To be convicted of the racketeering count, Kelly had to be found guilty on at least two of the 14 underlying counts. The jury found that he was guilty of all but two, a pretty definitive sentence in a case that has received tons of public attention. The trial began on August 18, and the verdict comes 13 years after R. Kelly was acquitted of child pornography charges during a trial in Illinois.
"Today's guilty verdict forever brands R. Kelly as a predator, who used his fame and fortune to prey on the young, the vulnerable and the voiceless for his own sexual gratification," said acting US attorney from the Eastern District of New York Jacquelyn Kasulis.
She added that Kelly was "a predator who used his inner circle to ensnare underage girls and young men and women for decades, in a sordid web of sex abuse, exploitation and humiliation."
Kelly's victims were praised for coming forward with their stories.

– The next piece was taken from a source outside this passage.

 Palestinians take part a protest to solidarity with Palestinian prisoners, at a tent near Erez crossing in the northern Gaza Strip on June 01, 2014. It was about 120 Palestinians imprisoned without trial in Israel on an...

Gloria Allred, who represented three of the six victims that were part of the trial, said that Kelly was one of the worst sexual predators she had ever faced in court. "First, he used the power of his celebrity to recruit vulnerable underage girls for the purpose of sexually abusing them," Allred said. "These were not May-October relationships, which is what his defense attorney wanted the jury to believe -- these were crimes against children and some adults,"
Kelly reportedly did not have any reaction when the verdict was read in court, although his attorney Deveraux Cannick said that he did not expect to be convicted. "You didn't get to see what we saw in terms of the discovery. You didn't get to see all the inconsistencies," Cannick said. "We said in our summation that the government cherry-picked their version that they thought would support the continuation of the narrative."
R. Kelly's behavior has been the subject of public scrutiny for some time now, with many of his accusers coming forward to make accusations about the sexual abuse he had subjected them to. This verdict comes at the end of a long, public process for both Kelly and his victims, who have now helped to seal his fate.